Afghanistan
The current situation in Afghanistan presents all manner of impossible decisions with no right answer.
Over the past twenty years, at the cost of a substantial amount of money and far too many irreplaceable lives, the West attempted to build a viable nation. This was not entirely without positive results - the country has not been used as a base to commit terrorist atrocities in the rest of the world since 2001 and a generation of Afghan women grew up with rights and access to education and healthcare.
However, all those efforts were undercut because the elected government of Afghanistan proved to be an incompetent kleptocracy for which almost the only argument in its defence was that the unstable coalition of brain-dead barbarians which replaced it faster than anyone thought possible when Western troops pulled out was obviously going to be, and is, even worse.
We now have the situation where an entire country is in serious danger of mass starvation, and although the primary reasons for this are the corruption and incompetence of the previous Afghan government and the dangerous lunacy of the present one, the Western powers which were propping up that previous government cannot avoid our share of responsibility.

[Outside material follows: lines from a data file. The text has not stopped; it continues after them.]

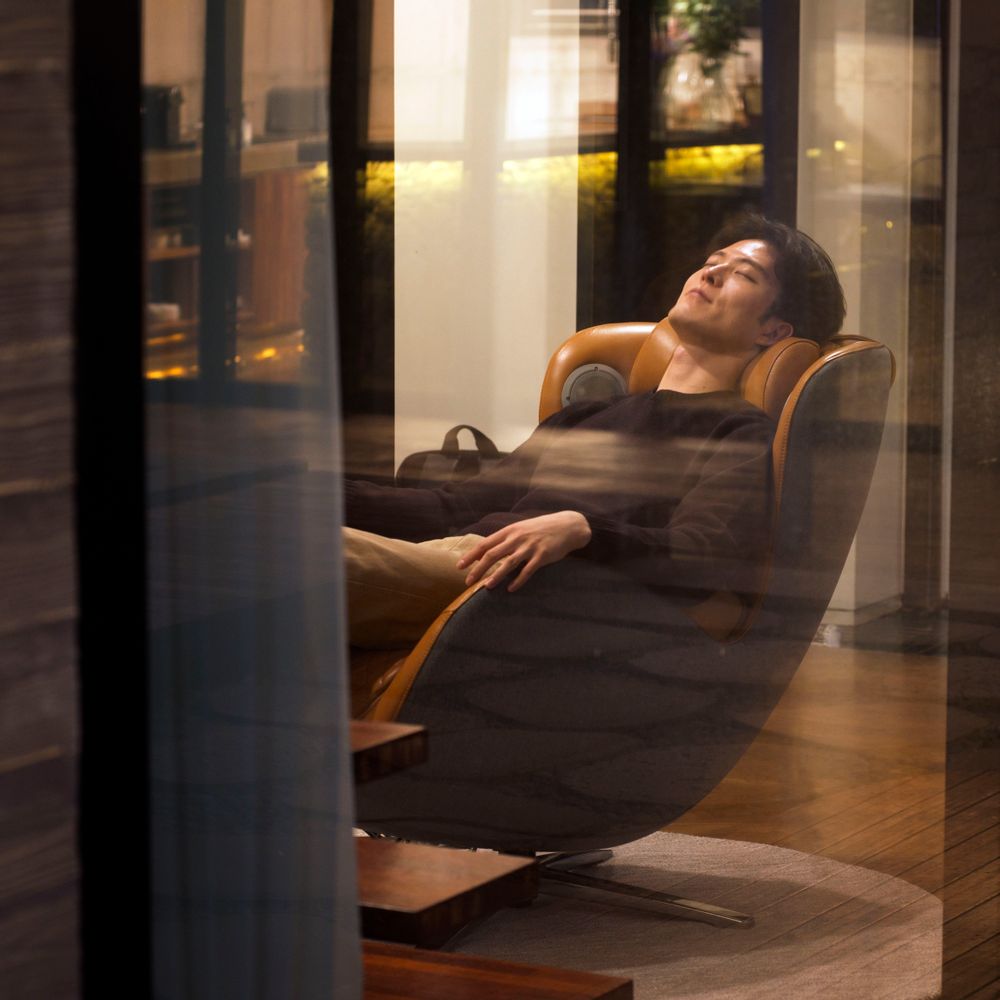Chairs - Classic Massage Chair_Caramel - NOUHAUS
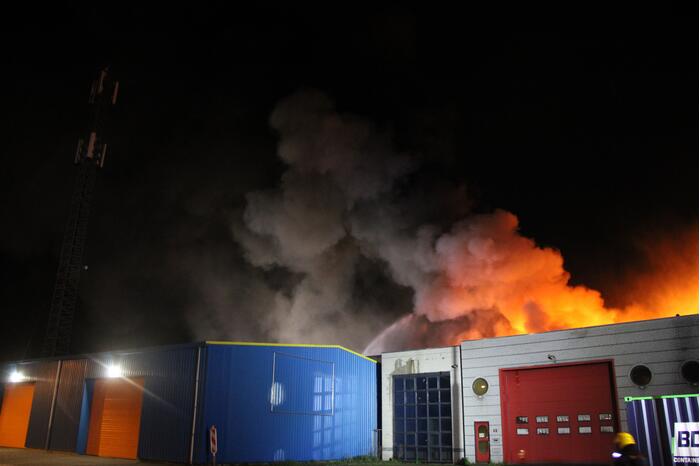 Uitslaande brand in industriepand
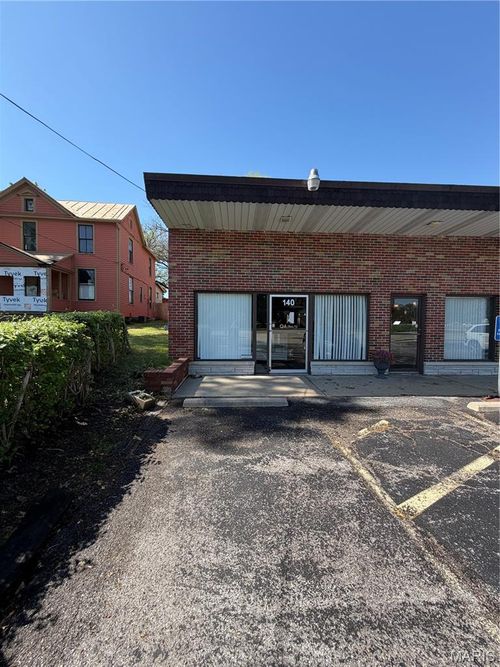 140 Washington Street, Florissant, MO, 63031 | Card Image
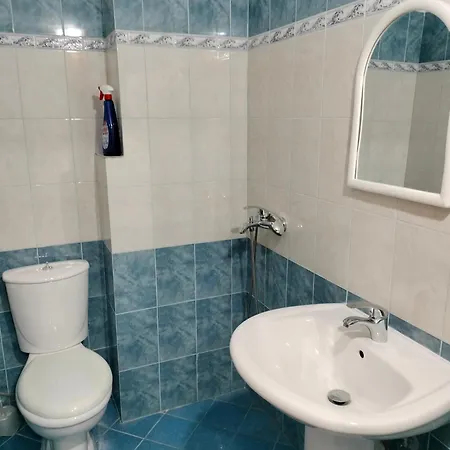 Taurasi Red Apartment *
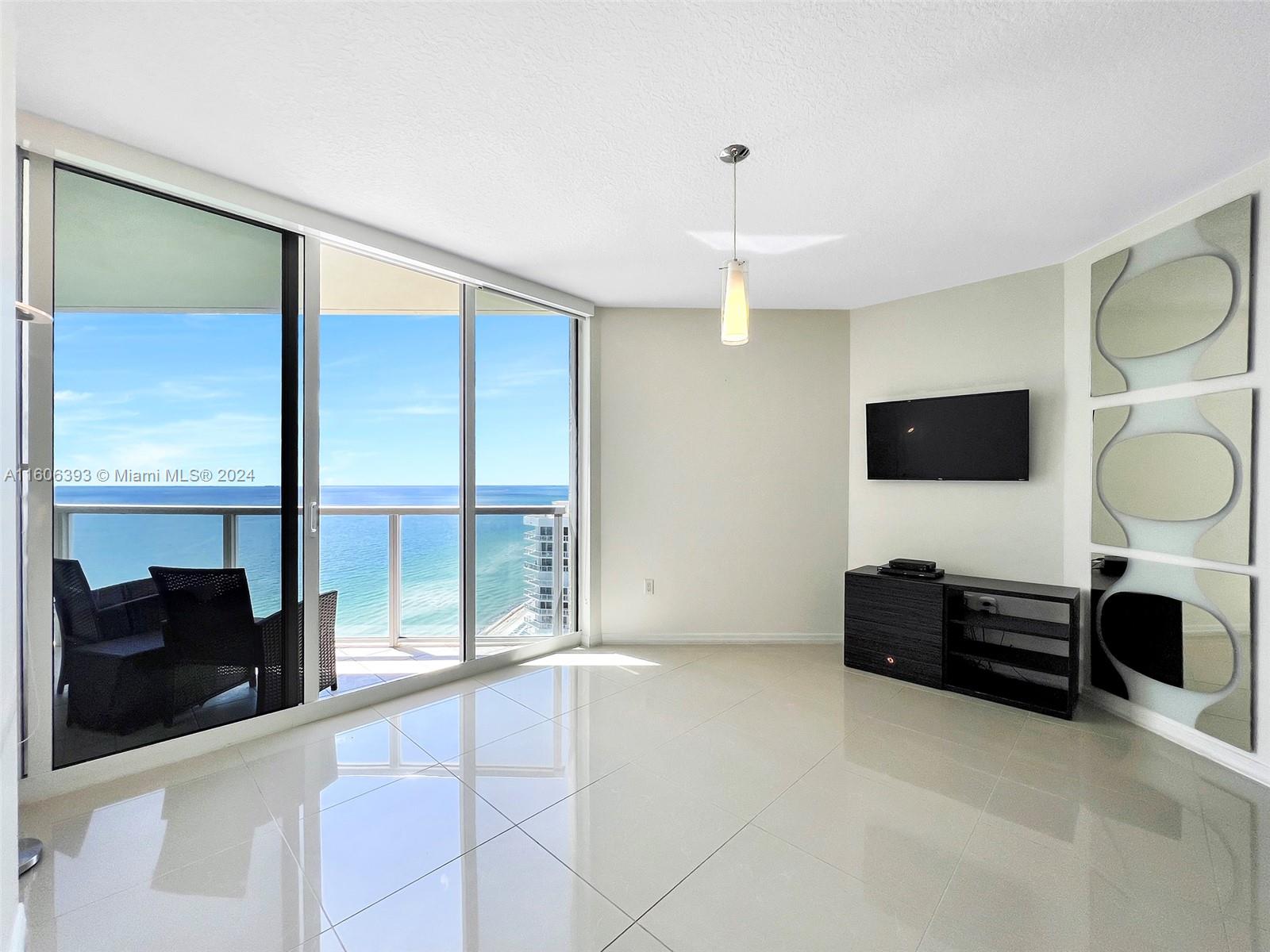16699 Collins Ave # 3309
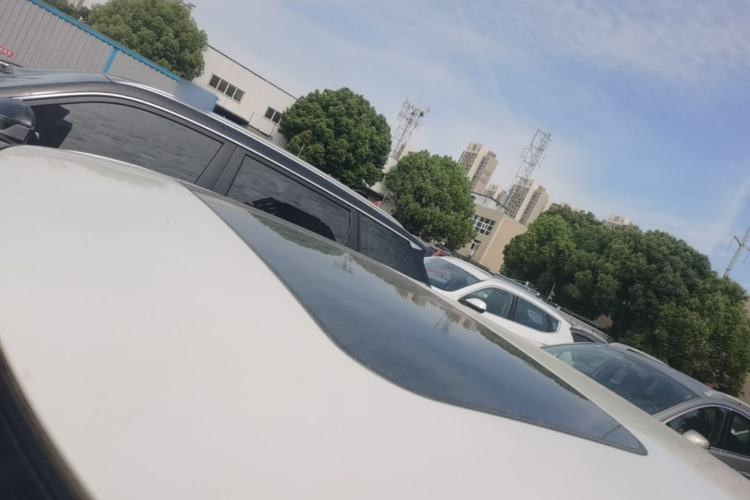 Used Nissan Lannia 2016 1.6L CVT Cool Edition Roof
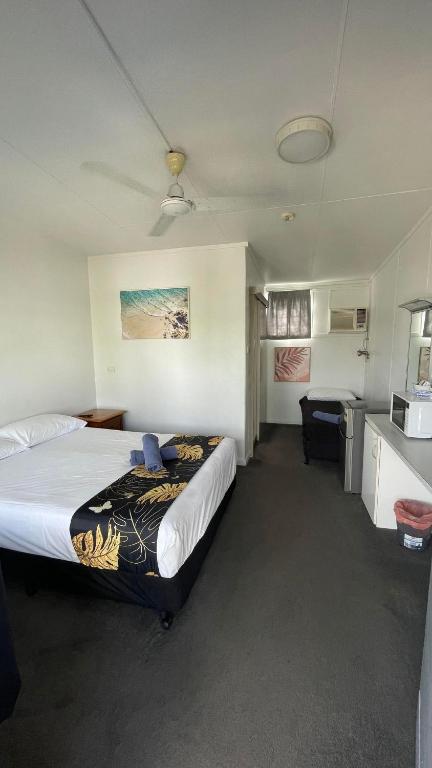 Cairns City Motel - Darwin Holiday 3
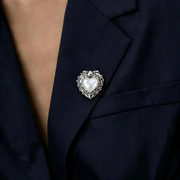 Queen of hearts brooch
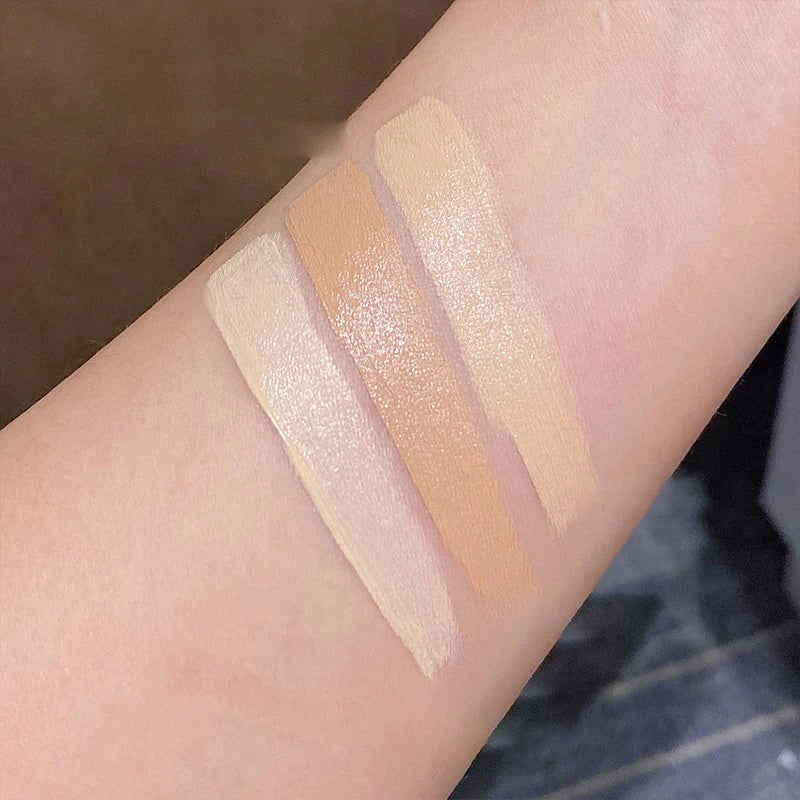 Stor rea med 60% rabattđ3-in-1 Contouring and Brighten Concealer Palette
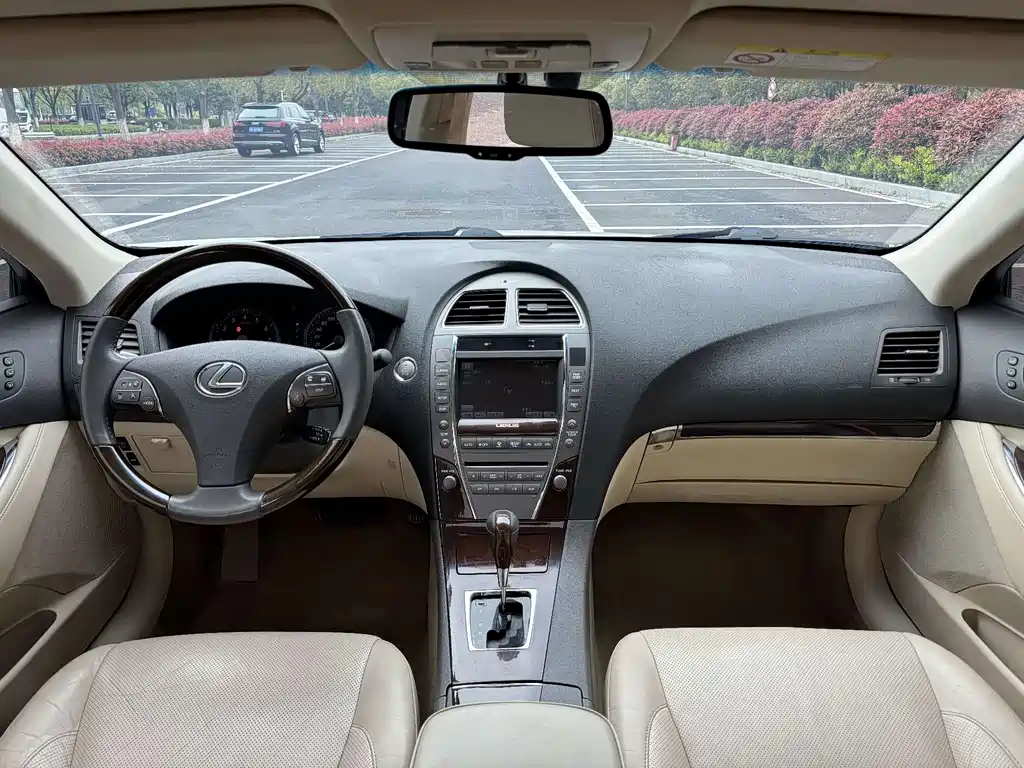 Lexus ES 2012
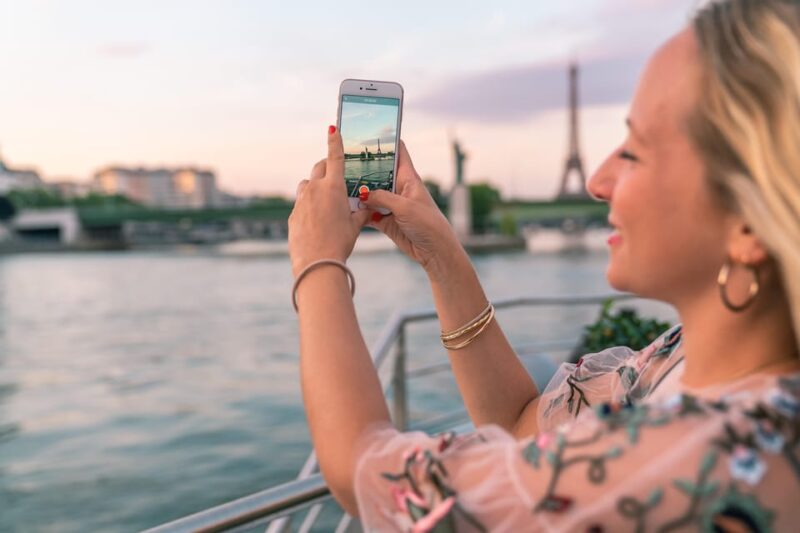 Paris: 1-Hour Seine River Cruise With Optional Champagne - Pricing and Booking Options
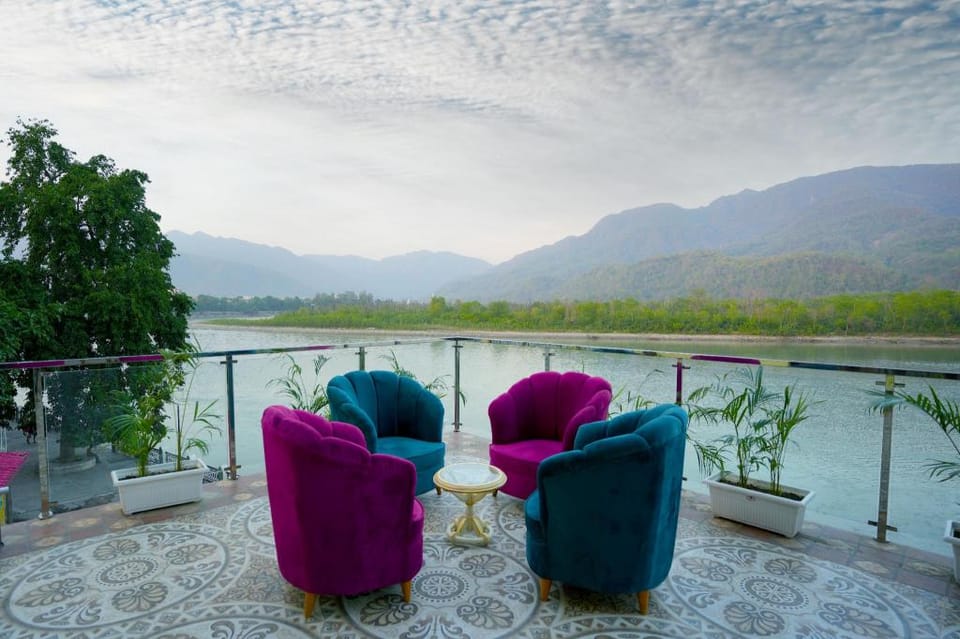 The Neeraj Naturecure - Ganga View Hotel in Rishikesh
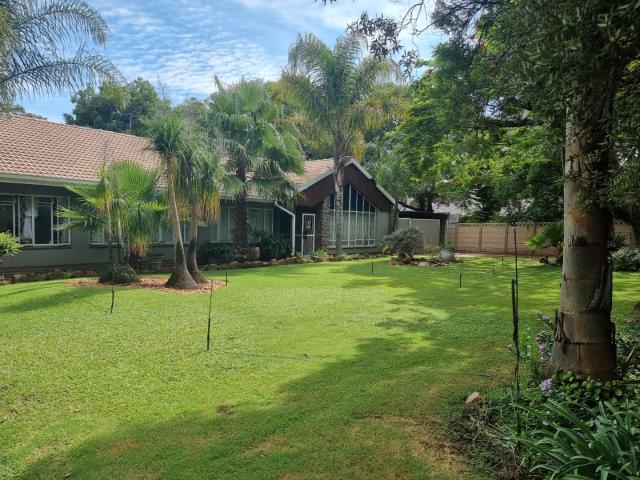 4 Bedroom House in Protea Park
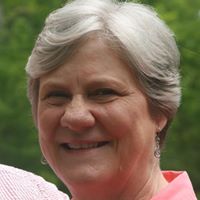 Linda Latham Photo 34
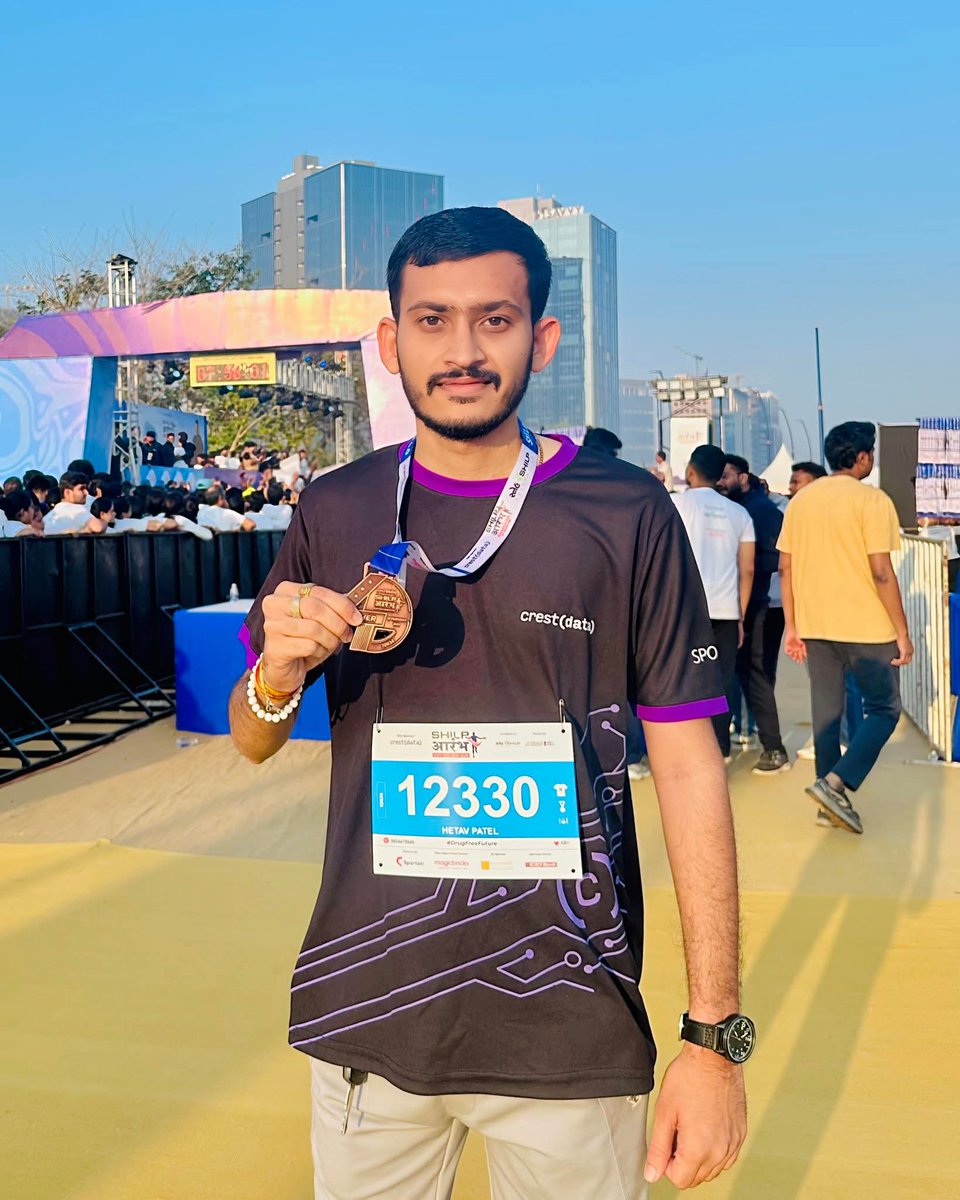 HetavPatelBJP's tweet image. What a fantastic experience at Shilp Aarambh 4.0! 🥉

Completed 10 km in 83 minutes ✌️

The message of today's program was to keep the youth away from drugs and move them towards a healthy and conscious society.

#fitindia #youth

Nor can we afford to give aid in forms which might be co-opted to support terrorist campaigns.
In this impossible situation the UK government announced yesterday that Britain will provide £75 million of emergency aid to 1.8 million Afghans, saving lives, protecting women and girls and supporting stability in the region.
- As winter descends, Afghanistan has been crippled by drought, conflict and an economic crisis, creating a serious risk of migration, regional instability and humanitarian crises.
- That is why the UK has promised £75 million of emergency aid to provide over 1.8 million people in Afghanistan with life-saving food, emergency health services, shelter, water and hygiene services. The funding will be channelled through a range of organisations including the UN and World Food Programme.
- The UK is leading the way on the response to the humanitarian crisis in Afghanistan and these funds will save lives, protect women and girls and support stability in the region.